Question

Dear all,

I am thinking about a problem as follows: Suppose a simply-connected 2-dimensional manifold has an $S^1$ boundary, is it homeomorphic to the open disk $D^2$? In fact, I would like to understand the general higher-dimensional case, i.e., how to decide the homeomorphism type of a (connected) manifold $M$ via its boundary submanifold $N$? Of course we need to put some condition on $M$ such like contractible or else, otherwise it could be arbitrary. In particular, when could we know that $M$ is the trivial fill-in manifold of $N$? For example, $M$ is the solid $k$-torus whereas $N=T^k=S^1\times\cdots\times S^1$.

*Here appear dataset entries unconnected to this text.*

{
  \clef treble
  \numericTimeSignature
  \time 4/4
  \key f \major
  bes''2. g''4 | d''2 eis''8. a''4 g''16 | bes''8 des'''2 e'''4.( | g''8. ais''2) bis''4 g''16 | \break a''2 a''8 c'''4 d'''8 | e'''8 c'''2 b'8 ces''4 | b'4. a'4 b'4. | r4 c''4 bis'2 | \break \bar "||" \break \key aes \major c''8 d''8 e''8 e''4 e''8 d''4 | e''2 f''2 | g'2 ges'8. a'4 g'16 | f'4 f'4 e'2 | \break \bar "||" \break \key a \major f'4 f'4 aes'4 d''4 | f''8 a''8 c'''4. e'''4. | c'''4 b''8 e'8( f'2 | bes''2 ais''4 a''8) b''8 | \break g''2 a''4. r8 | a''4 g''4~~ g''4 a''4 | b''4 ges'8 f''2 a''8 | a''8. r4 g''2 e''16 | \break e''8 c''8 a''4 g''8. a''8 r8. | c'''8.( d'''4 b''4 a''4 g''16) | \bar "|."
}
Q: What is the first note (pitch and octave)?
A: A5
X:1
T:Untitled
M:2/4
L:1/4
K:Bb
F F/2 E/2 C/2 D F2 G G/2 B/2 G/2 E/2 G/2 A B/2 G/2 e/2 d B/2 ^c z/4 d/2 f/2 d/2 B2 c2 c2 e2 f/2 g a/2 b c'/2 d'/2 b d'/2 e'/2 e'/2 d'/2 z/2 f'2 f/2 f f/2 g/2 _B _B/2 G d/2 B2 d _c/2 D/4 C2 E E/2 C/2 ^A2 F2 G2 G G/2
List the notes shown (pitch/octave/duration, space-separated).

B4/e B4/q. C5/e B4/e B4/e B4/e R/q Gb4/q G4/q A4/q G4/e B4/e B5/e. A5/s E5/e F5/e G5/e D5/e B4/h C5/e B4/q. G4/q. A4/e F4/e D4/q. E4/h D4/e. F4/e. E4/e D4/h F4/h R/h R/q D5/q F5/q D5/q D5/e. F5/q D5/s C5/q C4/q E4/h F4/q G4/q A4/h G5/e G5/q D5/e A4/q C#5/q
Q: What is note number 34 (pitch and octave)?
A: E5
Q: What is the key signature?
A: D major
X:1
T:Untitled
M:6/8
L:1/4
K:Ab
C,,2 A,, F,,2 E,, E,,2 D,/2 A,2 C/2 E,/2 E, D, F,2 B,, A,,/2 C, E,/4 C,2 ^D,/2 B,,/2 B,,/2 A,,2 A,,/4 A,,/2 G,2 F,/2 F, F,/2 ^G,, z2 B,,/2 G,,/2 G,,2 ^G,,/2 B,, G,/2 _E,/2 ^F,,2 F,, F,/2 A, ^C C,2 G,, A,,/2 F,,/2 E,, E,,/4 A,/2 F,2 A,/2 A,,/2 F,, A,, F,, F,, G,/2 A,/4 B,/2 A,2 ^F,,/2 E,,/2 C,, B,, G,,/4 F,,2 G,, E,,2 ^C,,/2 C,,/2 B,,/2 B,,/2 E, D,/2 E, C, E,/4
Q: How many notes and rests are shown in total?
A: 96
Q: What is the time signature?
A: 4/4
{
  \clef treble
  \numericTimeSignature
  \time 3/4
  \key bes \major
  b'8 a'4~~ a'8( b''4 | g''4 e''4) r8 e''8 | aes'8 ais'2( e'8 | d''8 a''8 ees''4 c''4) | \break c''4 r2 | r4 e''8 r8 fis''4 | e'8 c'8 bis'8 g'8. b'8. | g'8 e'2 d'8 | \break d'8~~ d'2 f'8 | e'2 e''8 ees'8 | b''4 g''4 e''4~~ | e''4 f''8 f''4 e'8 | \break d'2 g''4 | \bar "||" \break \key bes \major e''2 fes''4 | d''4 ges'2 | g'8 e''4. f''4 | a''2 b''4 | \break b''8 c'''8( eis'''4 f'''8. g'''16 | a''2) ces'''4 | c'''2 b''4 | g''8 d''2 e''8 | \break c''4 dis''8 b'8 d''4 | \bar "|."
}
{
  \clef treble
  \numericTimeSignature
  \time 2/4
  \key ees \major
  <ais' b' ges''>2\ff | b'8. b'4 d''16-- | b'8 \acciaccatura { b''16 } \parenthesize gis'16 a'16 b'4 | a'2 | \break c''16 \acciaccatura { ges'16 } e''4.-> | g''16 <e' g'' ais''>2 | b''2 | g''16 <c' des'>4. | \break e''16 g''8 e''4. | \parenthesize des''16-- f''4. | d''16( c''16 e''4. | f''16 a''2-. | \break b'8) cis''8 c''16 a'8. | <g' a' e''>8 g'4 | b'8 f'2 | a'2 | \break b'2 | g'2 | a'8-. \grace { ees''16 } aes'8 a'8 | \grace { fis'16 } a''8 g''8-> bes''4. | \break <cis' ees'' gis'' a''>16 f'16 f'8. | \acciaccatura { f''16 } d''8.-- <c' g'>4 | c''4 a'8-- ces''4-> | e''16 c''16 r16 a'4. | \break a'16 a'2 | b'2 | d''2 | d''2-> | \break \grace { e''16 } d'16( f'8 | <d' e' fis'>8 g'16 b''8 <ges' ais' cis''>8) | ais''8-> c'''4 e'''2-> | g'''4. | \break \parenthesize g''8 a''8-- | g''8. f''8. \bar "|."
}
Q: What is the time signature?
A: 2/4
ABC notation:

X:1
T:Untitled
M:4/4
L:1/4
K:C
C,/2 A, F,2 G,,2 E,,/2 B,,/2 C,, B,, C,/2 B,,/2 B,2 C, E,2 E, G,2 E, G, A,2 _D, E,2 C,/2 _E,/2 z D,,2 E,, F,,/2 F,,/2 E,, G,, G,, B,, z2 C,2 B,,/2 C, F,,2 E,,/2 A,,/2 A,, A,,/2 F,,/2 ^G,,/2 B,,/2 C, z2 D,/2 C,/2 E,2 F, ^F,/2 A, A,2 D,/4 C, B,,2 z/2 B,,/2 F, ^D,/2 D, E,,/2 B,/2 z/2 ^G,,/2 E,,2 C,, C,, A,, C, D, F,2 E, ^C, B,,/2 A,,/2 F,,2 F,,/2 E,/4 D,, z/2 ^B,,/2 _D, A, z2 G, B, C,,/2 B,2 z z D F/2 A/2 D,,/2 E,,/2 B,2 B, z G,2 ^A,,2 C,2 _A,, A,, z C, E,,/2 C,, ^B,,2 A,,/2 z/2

I have no idea whether this is a research problem or just an exercise. I am sorry about my few knowledge on topology. If it is quite standard, could you please suggest me some reference books? Thanks a lot.

Answer 1

Yes, assuming the manifold compact. One way to see this is this: if we glue a disk along the boundary, we get a manifold which is simply-connected manifold by Seifert-van Kampen, and closed, hence a sphere by the classification theorem.

The same argument plus the Whitehead theorem and the topological Poincare conjecture shows that any compact contractible manifold that bounds a sphere must be homeomorphic (but not necessarily diffeomorphic) to the unit disk.

Answer 2

I'm wondering whether there isn't a much easier argument for 2-dimensional case, without using Seifert-van Kampen or the classification of surfaces (which is a middling hard theorem).

Fix the boundary of a collar $f\colon\, S^1\to M$ of the $S^1$-boundary of your simply-connected 2-manifold M, and contract it to a point via a homotopy $H\colon\, S^1\times [0,1]\to M$ with $H(S^1\times{0})=f$ to $H(S^1\times{1})$ a constant function. To keep things simple, this might as well be free homotopy- the loops have no basepoint. This homotopy H gives rise to a codimension 1 foliation of a submanifold N of M, whose leaves are the loops $H(S^1\times{t}$ with $t\in [0,1]$. The submanifold N has to be a disc, because the homotopy induces a Morse function ($t$ is "the height") which has one critical point at $t=1$ (maybe after an eentsy weentsy perturbation- so Sard's theorem is implicit at this step, which is also a middling difficult theorem, but, I would argue, easier than the classification of closed surfaces), and a 2-manifold with a Morse function with one boundary component and one critical point can only be a disc. Now you argue that because M is a 2-manifold, there can't be more than one choice of disc N, otherwise in the neighbourhood of their intersection would not localy look like $\mathbb{R}^2$. So M must be N (plus the collar), and you're finished.
Does this make sense?